Recently I was invited to attend a Holocaust Remembrance Ceremony at Alkira Secondary College.

The ceremony was part of the VCAL program and involved prayers, poems and speeches from teachers, students and guest speakers.

Guest speakers included John Chaskiel, a Buchenwald survivor, Ahron Shapiro from Australia/Israel & Jewish Affairs Council (AIJAC), Phil Symons OAM and myself.

The students involved in the ceremony were; Matthew Ferguson, Joel Spencer, Jesse Vanderwiel, Amy Hanks, Teagan Bennett, Chanal Schepen, Sean Sturzaker, Jamie Mascuilli, Zach Rault and Brittany Bartholomew.

The ceremony was very moving and I was captivated by all who spoke.

Ceremonies like this are important in honouring and paying tribute to the victims of the terrible evils of the past.

Never forget. Never again.


Below is a copy of a magnificent speech written and delivered by Sean Sturzaker, Jamie  Mascuilli and Zach Rault.

By Jamie, Zach and Sean

It was estimated that 6 million Jewish people died during the Holocaust,6 million… that is a hard number to appreciate. That’s equivalent to 60 MCG arena’s filled with 100,000 people each, it seems like it is a fairly comprehensible representation, but is it really?

As young people we benefit from our schools ensuring that we are educated in not only the events that led up to World War Two, but that we are taught about the monstrosities of the Holocaust.  Although there are stories, images and statistics that opened out eyes to these horrors, the greatest lesson we have learned is that inherent evil exists within mankind  and that it is up to us to ensure that no one will ever again have to endure this hardship so that history never repeats itself.

From our studies we have come to learn that the Holocaust is man’s most inhumane act of genocide, humiliation, discrimination and anti-Semitism at its absolute worst in the history of mankind. Several amounts of text and film have been created based upon the events that took place in the holocaust, films such as Schindlers List and texts such as Elie Wiesel’s memoir Night, have allowed us to have a closer and more detailed  understanding of the events that happened during the Holocaust, as well as impacting the way we feel about the holocaust in general.

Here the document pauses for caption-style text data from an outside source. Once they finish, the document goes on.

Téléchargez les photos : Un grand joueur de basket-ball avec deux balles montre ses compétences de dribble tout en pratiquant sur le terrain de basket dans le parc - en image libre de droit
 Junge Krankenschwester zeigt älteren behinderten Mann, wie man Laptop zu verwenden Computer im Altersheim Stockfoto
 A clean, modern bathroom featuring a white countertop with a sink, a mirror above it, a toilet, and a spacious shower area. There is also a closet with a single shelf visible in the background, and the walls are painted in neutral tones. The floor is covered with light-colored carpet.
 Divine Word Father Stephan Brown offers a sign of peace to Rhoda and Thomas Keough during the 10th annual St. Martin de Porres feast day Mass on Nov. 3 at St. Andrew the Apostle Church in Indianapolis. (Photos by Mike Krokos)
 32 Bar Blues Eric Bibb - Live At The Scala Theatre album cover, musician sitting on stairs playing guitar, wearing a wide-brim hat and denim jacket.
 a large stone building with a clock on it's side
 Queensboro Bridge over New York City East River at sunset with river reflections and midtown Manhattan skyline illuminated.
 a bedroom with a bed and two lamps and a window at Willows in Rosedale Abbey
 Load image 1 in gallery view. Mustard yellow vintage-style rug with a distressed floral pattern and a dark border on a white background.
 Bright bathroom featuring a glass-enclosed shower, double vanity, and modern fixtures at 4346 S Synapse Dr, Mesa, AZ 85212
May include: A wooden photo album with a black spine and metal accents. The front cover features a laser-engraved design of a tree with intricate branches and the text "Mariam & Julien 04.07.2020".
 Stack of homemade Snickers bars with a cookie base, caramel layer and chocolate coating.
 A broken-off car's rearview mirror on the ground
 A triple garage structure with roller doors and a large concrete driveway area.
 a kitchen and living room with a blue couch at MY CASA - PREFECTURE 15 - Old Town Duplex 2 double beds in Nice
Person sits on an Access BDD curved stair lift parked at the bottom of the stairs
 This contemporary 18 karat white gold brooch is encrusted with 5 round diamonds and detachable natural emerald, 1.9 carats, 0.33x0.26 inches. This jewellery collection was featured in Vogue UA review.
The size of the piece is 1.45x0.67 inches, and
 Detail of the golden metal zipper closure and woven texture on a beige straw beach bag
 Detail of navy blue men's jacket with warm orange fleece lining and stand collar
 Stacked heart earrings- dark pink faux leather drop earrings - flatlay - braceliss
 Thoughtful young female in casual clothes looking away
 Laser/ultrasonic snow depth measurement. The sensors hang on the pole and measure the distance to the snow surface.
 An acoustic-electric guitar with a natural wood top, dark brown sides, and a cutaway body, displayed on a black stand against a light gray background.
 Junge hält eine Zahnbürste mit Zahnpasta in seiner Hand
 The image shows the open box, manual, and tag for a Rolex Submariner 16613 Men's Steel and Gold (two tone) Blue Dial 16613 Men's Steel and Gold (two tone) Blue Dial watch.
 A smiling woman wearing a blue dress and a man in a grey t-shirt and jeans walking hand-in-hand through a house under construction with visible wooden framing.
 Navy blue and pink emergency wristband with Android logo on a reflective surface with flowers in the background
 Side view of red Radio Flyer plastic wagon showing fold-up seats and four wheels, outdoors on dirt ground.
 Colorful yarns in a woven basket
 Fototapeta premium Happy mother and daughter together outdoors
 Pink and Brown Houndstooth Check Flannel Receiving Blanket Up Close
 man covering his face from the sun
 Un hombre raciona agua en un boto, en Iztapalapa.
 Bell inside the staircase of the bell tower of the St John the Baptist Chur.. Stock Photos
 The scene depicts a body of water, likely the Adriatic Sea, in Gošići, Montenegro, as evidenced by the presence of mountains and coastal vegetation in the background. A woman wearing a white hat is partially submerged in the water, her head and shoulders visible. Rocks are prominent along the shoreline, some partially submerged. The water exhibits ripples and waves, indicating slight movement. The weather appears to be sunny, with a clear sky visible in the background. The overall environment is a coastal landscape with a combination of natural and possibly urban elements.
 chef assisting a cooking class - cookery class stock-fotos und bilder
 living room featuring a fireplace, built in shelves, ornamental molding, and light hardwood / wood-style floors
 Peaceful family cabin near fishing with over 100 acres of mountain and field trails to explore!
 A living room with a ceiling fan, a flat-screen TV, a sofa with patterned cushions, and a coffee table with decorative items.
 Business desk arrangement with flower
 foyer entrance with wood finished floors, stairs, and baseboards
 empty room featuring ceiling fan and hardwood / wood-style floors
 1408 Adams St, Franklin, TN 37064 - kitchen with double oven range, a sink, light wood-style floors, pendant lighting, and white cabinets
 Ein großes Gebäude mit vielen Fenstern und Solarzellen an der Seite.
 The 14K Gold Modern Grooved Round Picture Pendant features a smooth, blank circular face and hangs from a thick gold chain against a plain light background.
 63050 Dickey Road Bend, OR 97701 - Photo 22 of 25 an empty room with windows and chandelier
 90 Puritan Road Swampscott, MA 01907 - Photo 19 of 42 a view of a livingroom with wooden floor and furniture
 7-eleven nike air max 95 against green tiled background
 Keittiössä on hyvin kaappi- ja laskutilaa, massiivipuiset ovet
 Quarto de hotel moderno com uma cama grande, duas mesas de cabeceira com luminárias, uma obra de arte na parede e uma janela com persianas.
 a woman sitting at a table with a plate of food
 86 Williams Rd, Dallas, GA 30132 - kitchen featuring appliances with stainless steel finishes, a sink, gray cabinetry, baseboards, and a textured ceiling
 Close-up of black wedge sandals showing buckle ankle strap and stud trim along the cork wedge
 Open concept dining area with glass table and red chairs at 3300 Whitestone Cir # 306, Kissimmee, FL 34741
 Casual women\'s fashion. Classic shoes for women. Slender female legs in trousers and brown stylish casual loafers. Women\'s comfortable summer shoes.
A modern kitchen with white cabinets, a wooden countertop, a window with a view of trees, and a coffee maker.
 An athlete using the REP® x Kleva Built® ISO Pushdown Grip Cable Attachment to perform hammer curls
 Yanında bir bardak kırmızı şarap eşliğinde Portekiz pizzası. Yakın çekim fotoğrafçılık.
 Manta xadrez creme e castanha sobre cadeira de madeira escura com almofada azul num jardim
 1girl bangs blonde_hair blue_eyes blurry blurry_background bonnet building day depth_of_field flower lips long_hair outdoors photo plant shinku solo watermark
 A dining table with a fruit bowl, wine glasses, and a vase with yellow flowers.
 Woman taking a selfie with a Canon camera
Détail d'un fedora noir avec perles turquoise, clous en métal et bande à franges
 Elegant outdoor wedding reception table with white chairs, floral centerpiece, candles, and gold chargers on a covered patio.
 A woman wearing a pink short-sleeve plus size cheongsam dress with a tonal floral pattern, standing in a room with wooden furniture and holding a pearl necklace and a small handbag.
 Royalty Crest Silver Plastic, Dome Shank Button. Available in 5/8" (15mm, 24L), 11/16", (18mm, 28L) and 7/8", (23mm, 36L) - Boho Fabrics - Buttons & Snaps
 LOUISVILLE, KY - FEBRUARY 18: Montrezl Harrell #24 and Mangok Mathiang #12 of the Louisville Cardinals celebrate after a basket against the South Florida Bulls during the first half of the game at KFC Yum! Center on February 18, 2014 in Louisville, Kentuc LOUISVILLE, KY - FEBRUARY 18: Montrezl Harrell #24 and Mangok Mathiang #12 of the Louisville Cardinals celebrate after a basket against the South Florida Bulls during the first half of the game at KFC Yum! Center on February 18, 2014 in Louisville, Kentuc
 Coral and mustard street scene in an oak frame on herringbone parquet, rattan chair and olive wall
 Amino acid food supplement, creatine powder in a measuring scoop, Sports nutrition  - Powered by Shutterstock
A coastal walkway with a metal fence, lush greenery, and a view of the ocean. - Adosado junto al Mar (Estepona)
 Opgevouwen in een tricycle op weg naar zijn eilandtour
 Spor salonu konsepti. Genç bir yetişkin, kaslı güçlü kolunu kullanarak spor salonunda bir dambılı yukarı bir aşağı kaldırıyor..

Our school has given us several opportunities to further extend our knowledge on the various events that took place such as when our Year 11 English classes attended the Melbourne Holocaust museum excursion on the seventh of March, On this eye-opening day we were granted the privilege to speak to holocaust survivors and hear the stories of what they faced during these horrendous time.

Near the end of the day we were able to listen to Jack Foegl a holocaust survivor  who endured segregation and away forced to hide; all of this at about our age. This fact helped me to connect and relate more to Jacks story. Jack spoke of the time he was arrested and imprisoned to the time of his escape and liberation. He was shaking when he spoke and trembled with some stories and looked like he was on the verge of crying, but not once did I detect a sense of hatred in his voice. I feel honoured and privileged to be able to hear his story despite the pain and potential repercussion of having to relive these moment.  Despite this, Jack still shares his experience so that we as young people can learn from it.

Learning about this tragedy has impacted us greatly. Having heard personal testimonies, read Holocaust Literature and attending the Holocaust Museum, we have been taught to not only appreciate historical facts, but the moral lessons of the Holocaust. This will help to shape our future. We are all human and therefore all equal. It is these lessons we will take with us throughout life to ensure that history never repeats itself. We pay our
respects  and ensure that we never forget.